Food Is Medicine (Part 2)
Part 2: 5 More Ingredients I’m Using to Support Liver Detox, Lymph Flow & Hormone Balance
If Part 1 was about calming inflammation and stabilizing the foundation, this next group of foods is about movement.
Movement of bile.
Movement of lymph.
Movement of hormones out of the body (instead of letting them recirculate and wreak havoc).
This is where things started to click for me in a deeper way. Because so many of the symptoms I’ve lived with… bloating, pressure under my ribs, acne that doesn’t behave, mood swings that come out of nowhere, that “puffy and exhausted” feeling aren’t just about what’s in the body.
They’re about what isn’t leaving.
These foods aren’t aggressive. They don’t force detox. They gently nudge systems that are already trying to work but need a little support to do so.
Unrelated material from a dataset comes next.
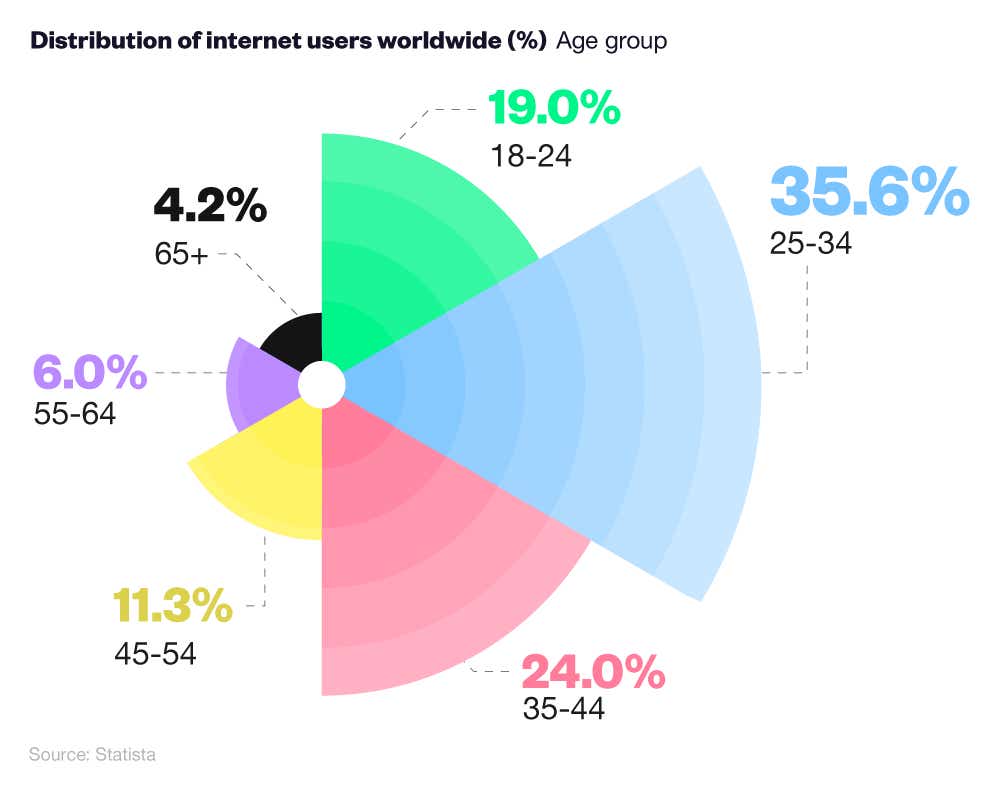 A breakdown of internet users worldwide by age group (2024)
Again: no perfection, no cleanse, no overnight promises. Just ingredients I keep coming back to because my body responds.
A gentle note:
Nothing here is medical advice. I’m not a doctor or practitioner. I’m a chef and a woman navigating PCOS, endometriosis, insulin resistance, and liver dysfunction — and I’m sharing the foods I’m learning about and using to support my own healing. Always check in with your healthcare provider before making major changes.
6. Beets
Beets are deeply misunderstood. People either love them or avoid them entirely; but when it comes to liver and hormone support, they’re one of the most reliable foods I’ve added.
Beets support phase 2 liver detoxification, meaning they help the liver actually process and excrete hormones and toxins instead of recycling them back into circulation. They also support bile flow, which matters more than I ever realized, especially without a gallbladder.
In TCM and traditional nutrition, beets are associated with blood movement and liver support. Modern research backs that up with their role in methylation and nitric oxide production.
What beets can support:
estrogen clearance
sluggish bile flow
fatigue tied to detox congestion
skin issues related to hormone backup
circulation and “stuck” feeling in the body
How I actually use them:
Roasted with olive oil and salt, shredded raw into salads, or simmered into soups. I also have them in a powdered form so I can add to drinks (great with lemon and a little allulose) or homemade lentil tortillas!
7. Artichokes
Artichokes might be one of the most underrated liver-supportive foods there is.
They stimulate bile production and help the liver move what it’s already filtered. That matters if you experience nausea after fats, heaviness after meals, or that “brick in the gut” feeling that comes from slow digestion.
Artichokes also support cholesterol metabolism and gut-liver communication, which plays a huge role in hormone balance.
What artichokes can support:
bile production
fat digestion
post-meal heaviness
liver congestion
constipation related to slow bile
How I actually use them:
Jarred or frozen artichoke hearts sautéed with garlic and lemon, tossed into soups, or blended into dips. They don’t need to be fancy to be effective.
8. Lemon
Lemon gets talked about endlessly, but it earns its place here for a reason.
Lemon gently stimulates the liver and gallbladder, supports bile flow, and helps “wake up” digestion without being harsh. It’s one of the easiest ways I support my liver daily without thinking too hard about it.
In TCM, sour flavors help move liver qi. In modern nutrition, lemon supports digestive enzymes and mild detox pathways.
What lemon can support:
sluggish digestion
bile movement
morning nausea or heaviness
bloating after meals
gentle daily detox support
How I actually use it:
In warm water, squeezed over greens, stirred into broths, or added at the end of cooking. I use it consistently, not aggressively.
9. Parsley & Cilantro
These two herbs deserve their own moment.
They support detox pathways, lymphatic movement, and kidney-liver communication. They’re especially helpful if you experience puffiness, water retention, or that swollen feeling that isn’t quite inflammation, just stagnation.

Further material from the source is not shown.